Dependencies are a huge supply chain security risk; the more of them you have, and the more often you update, the bigger the attack surface.
  • Eager Eagle@lemmy.worldEnglish
    1·
    1 month ago

    You should probably turn off Dependabot

    Nonsense, most of these supply chain attacks are detected and have their problematic versions pulled within a few hours. Just set a cooldown period for dependabot.

    • FizzyOrange@programming.dev
      0·
      1 month ago

      I think the only mainstream language with a standard library that is both good and comprehensive is Go. All of the others either have smaller standard libraries (e.g. Rust) or poorly designed ones (Python).

      • GiorgioPerlasca@lemmy.ml
        0·
        1 month ago

        Java, .net and C++ have standard libraries that are much bigger and much more battle tested than the one of Go.

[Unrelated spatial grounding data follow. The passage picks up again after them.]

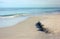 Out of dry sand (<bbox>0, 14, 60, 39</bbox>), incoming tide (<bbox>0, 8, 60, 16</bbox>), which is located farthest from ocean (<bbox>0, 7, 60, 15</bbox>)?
dry sand (<bbox>0, 14, 60, 39</bbox>)

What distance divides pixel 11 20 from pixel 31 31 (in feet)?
1.23

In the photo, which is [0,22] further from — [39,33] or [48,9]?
[48,9]

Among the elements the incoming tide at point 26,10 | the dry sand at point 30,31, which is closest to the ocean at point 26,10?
the incoming tide at point 26,10

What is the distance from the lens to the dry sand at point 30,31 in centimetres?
132

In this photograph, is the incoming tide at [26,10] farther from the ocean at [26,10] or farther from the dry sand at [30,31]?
the dry sand at [30,31]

        • FizzyOrange@programming.dev
          1·
          1 month ago

          I haven’t used Java for decades and never used .net so I’ll take your word for those. Absolutely not for C++ though.

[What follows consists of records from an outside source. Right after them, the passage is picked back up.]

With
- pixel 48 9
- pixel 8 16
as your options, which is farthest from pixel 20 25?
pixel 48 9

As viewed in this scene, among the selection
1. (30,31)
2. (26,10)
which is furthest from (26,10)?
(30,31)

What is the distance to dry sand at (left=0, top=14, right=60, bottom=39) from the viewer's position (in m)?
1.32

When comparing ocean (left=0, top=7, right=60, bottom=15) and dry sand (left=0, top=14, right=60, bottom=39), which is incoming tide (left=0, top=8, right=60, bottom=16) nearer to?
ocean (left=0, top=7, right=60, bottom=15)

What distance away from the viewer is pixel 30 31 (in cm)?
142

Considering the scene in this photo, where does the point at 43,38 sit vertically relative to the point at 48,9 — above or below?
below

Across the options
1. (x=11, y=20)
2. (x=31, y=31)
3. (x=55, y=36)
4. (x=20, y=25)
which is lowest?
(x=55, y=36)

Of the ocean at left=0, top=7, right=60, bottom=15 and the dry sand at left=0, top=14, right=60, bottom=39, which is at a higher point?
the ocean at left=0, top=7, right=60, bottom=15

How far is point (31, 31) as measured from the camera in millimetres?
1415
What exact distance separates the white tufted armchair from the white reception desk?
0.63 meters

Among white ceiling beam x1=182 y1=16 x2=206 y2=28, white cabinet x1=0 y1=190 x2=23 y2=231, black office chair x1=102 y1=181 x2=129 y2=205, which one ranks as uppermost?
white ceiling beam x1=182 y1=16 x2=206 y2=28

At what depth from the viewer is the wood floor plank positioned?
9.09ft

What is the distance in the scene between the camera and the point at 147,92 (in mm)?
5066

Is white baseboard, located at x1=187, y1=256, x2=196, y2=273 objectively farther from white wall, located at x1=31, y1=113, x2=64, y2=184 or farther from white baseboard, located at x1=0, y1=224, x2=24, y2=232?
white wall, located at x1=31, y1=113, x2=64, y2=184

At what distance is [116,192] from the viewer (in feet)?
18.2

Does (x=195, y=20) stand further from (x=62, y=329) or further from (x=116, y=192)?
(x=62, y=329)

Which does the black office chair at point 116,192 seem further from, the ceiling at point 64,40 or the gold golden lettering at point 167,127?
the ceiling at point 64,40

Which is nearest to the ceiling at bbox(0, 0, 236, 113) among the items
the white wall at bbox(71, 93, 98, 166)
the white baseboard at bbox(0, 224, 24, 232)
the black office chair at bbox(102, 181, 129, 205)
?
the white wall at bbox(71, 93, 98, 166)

          Go’s standard library has:

          • JSON, XML, etc.
          • A web client and server
          • Bigints
          • Logging
          • JPEG, PNG and GIF
          • SQL client
          • SSH client
          • All the crypto algorithms
          • Gzip, zlib, deflate, etc.

          C++ has none of that. Hell C++ only got a function to check if a string starts with a prefix a few years ago.